- What is needed -
Only the lines from the one containing "Lotus Bud at Dusk" to the end of the material are to be copied, exactly and in full; images stay out.

- Data below -
_ _ _ _

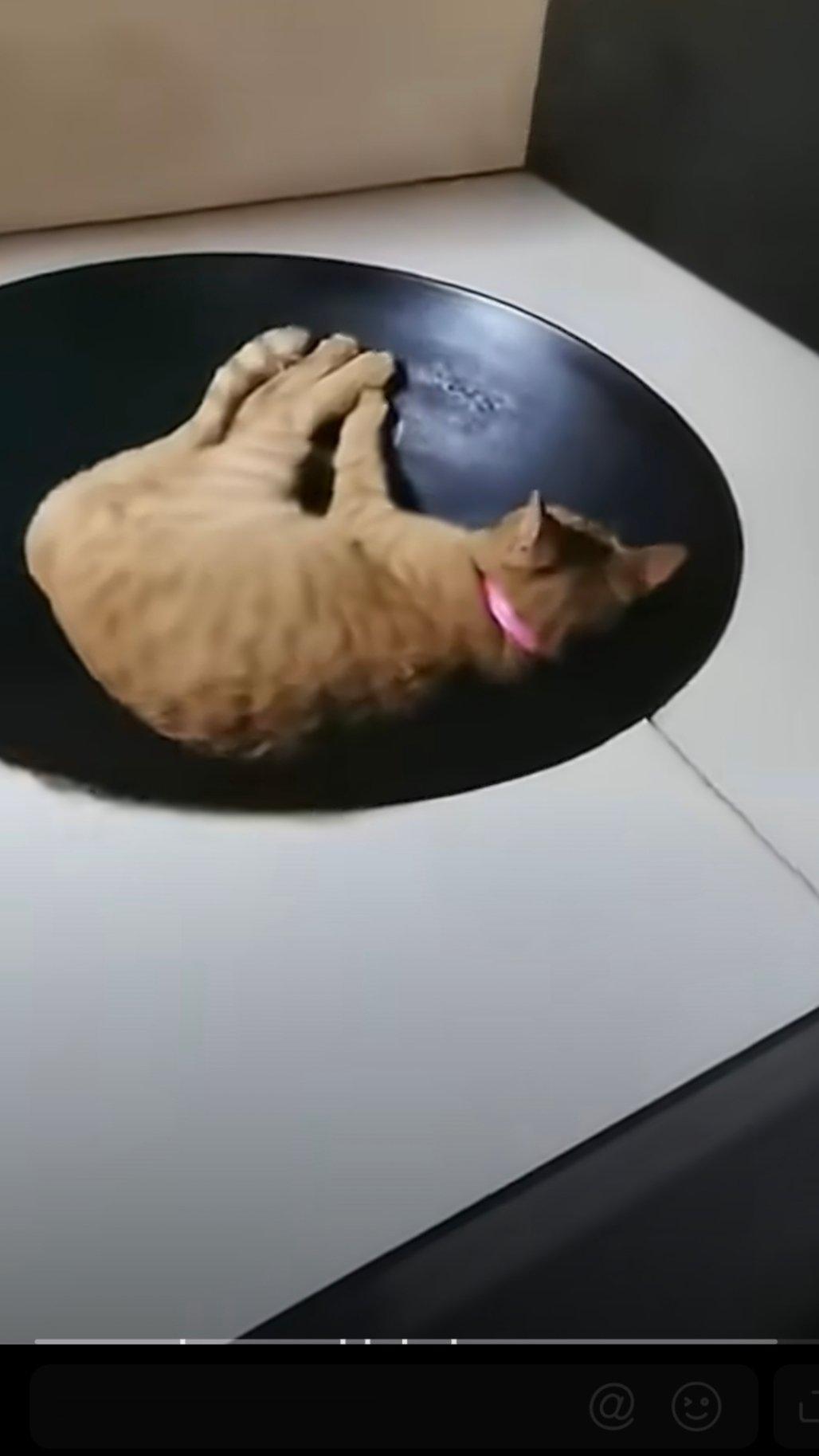 见证国潮 好标准的灶猫啊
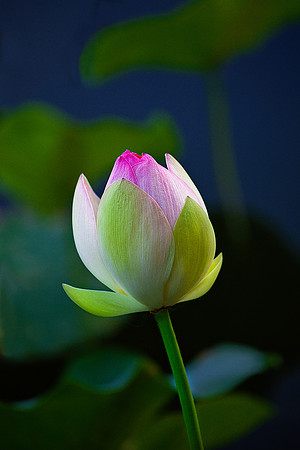 Lotus Bud at Dusk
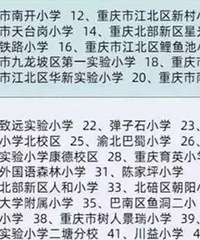 据说这是重庆市小学排名的民间版本,歇台子小学居然在四梯队?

_ _ _ _

- Solution to the exercise -
 Lotus Bud at Dusk
 据说这是重庆市小学排名的民间版本,歇台子小学居然在四梯队?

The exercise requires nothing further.